El Rojo levantó a la chica con el brazo izquierdo. En el puño derecho le floreció una automática de gran calibre. A partir de ese momento no le presté demasiada atención. Estaba ocupado.

El antro de Larrouy estaba plagado de armas: armas de fuego, navajas, bastones, puños americanos, sillas y botellas usadas como palos, un surtido de herramientas de destrucción. El juego consistía en apartarme de mi puerta. A O’Leary le habría encantado. Pero yo no era un joven pendenciero con fuego en la melena. Me acercaba a los cuarenta y me sobraban diez kilos. Tenía el aprecio que a esa edad y con ese peso se suele tener por las cosas fáciles. Tan fáciles como puedan ser.

Un portugués de ojos achinados me lanzó una cuchillada al cuello que me estropeó la corbata. Le di encima de la oreja con un lado del arma justo antes de que se fuera y llegué a ver que la oreja quedaba suelta. Un sonriente muchacho de veinte años se tiró a mis piernas, en plan futbolista. Noté sus dientes en una rodilla, levanté la pierna y sentí cómo se partían. Un mulato con la cara marcada por la viruela asomó el cañón de su arma por encima del hombro del tipo que tenía delante. Mi porra hizo crujir el brazo del hombre que tenía delante. Este se agachó justo cuando el mulato apretaba el gatillo… Y le volaba todo un lado de la cara.

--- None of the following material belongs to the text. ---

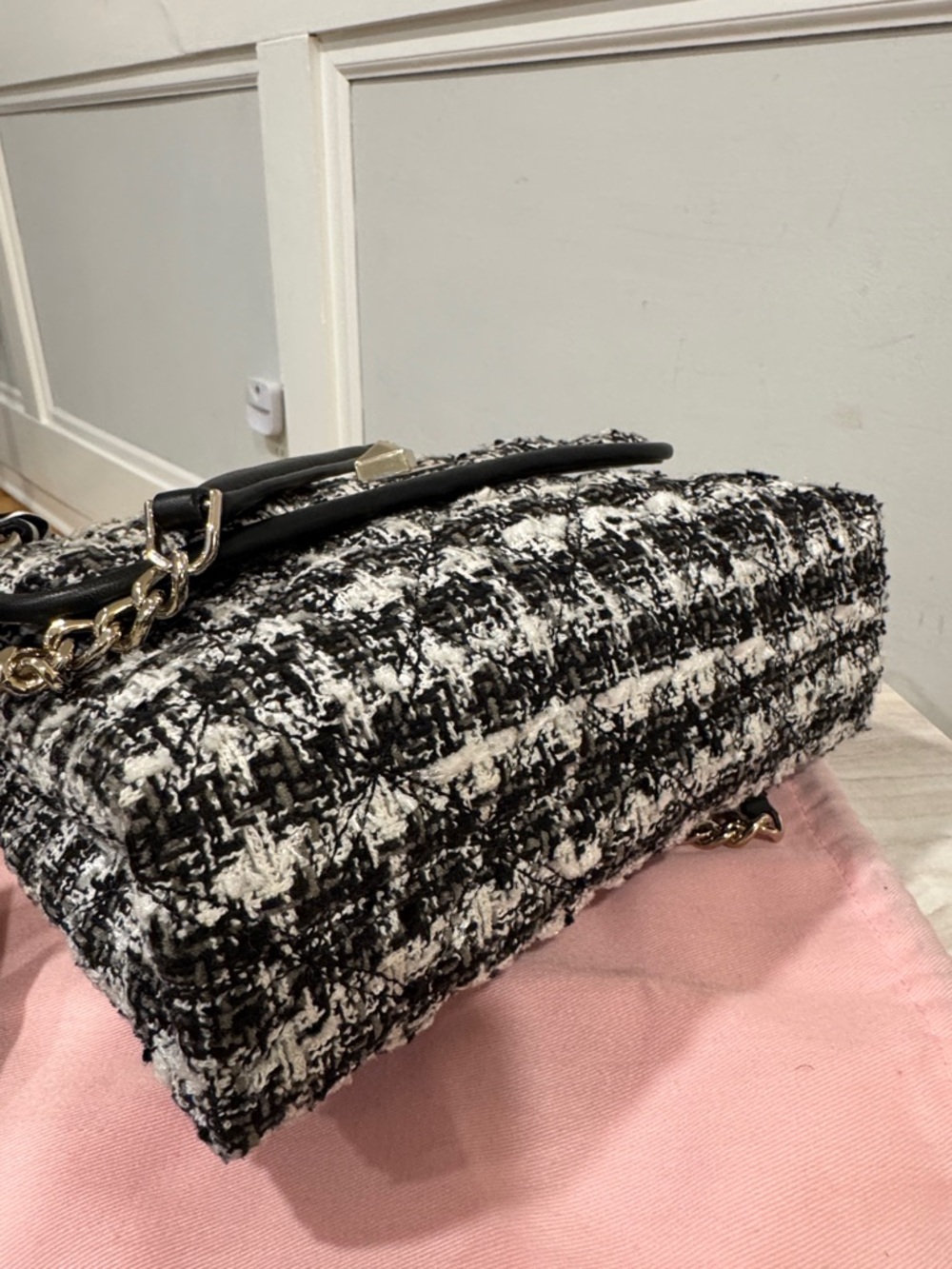 Kate Spade Bag Natalia Black & White Tweed Convertible Shoulder Crossbody Bag - Picture 8 of 17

Disparé dos veces: una a un tipo que me apuntaba a la barriga desde un palmo de distancia; la otra, cuando descubrí que un hombre se había subido a una mesa para apuntarme con calma a la cabeza. Para los demás, confié en mis brazos y mis piernas y ahorré munición. La noche era joven y yo solo tenía doce pastillas: seis en el arma y seis en un bolsillo.

Fue una pelea maravillosa. Golpe a la izquierda, golpe a la derecha, patada, golpe a la izquierda, golpe a la derecha, patada. Sin dudar, sin buscar dianas. Dios se encargaba de que siempre hubiera una jeta disponible para golpearla con la porra o el arma, una barriga para recibir las patadas.

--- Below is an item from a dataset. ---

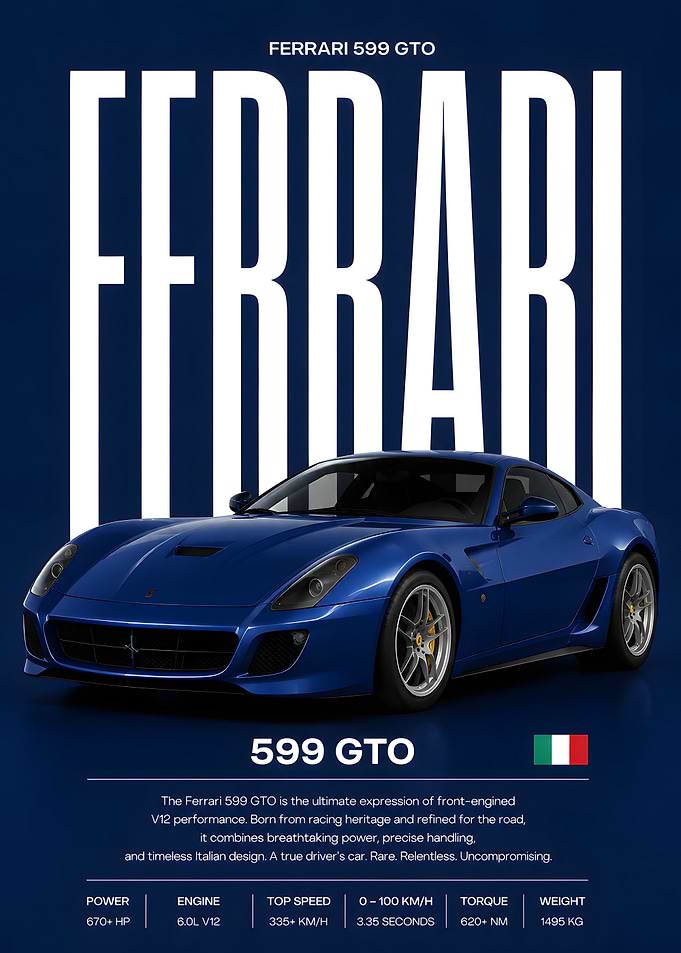 Ferrari 599 GTO Poster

Llegó una botella y encontró mi frente. El sombrero me salvó en parte, pero el golpe no me ayudó demasiado. Me desequilibré y, cuando estaba a punto de partir un cráneo, me tuve que contentar con romper una nariz. La sala parecía sofocante y escasamente ventilada. Alguien tendría que decírselo a Larrouy. ¿Qué te parece este golpecito en la sien, mezcla de plomo y cuero, rubito? Esa rata de la izquierda se está acercando demasiado. Lo atraeré inclinándome a la derecha para golpear al mulato y luego me echaré encima de él y le daré bien. ¡No está mal! Pero no puedo seguir así toda la noche. ¿Dónde están el Rojo y Jack? ¿Se habrán echado a un lado y me estarán mirando?

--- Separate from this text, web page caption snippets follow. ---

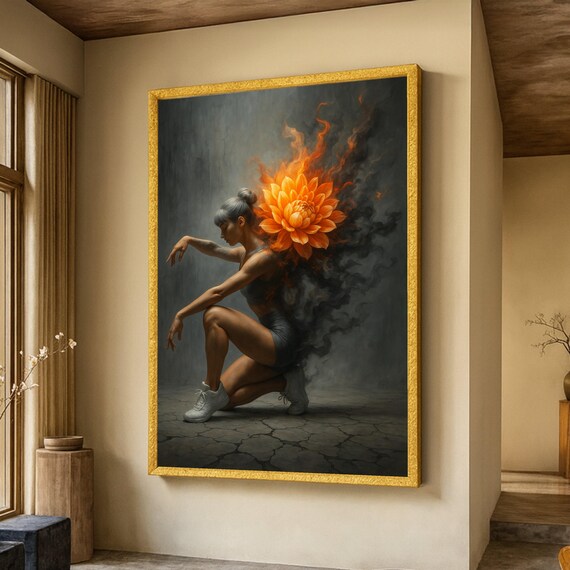 Dancer with Fiery Orange Lotus Smoke Dark Floral Fantasy Poster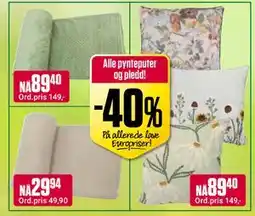 Europris Alle pynteputer og pledd! tilbud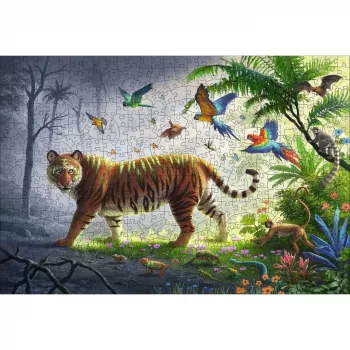 Puzzle in legno tigre nella giungla (505 pezzi)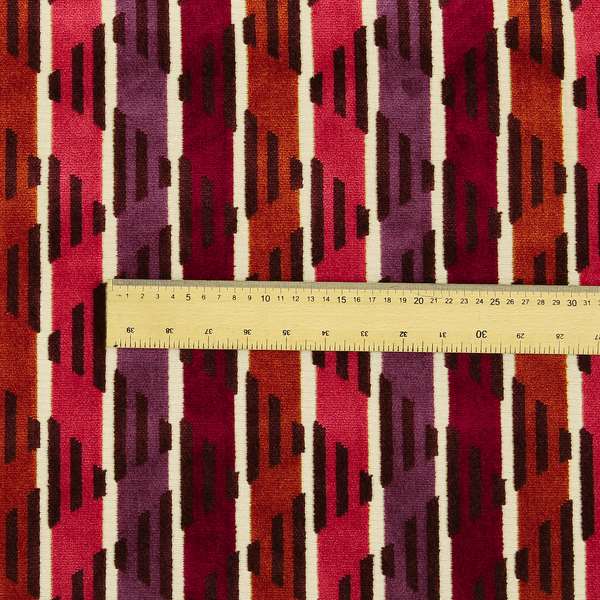 Ziani Designer Stripe Pattern In Vibrant Orange Pink Purple Red Colour Velvet Upholstery Fabric JO-88 - Made To Measure Curtains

Alguien me golpeó en un hombro con algo: por la sensación que me produjo debía de ser un piano. Un griego de ojos borrosos puso la cara donde era imposible no darle. Otra botella lanzada me arrancó el sombrero y parte del cuero cabelludo. El Rojo O’Leary y Jack Counihan se abrieron paso a golpes, llevando a la chica entre ambos.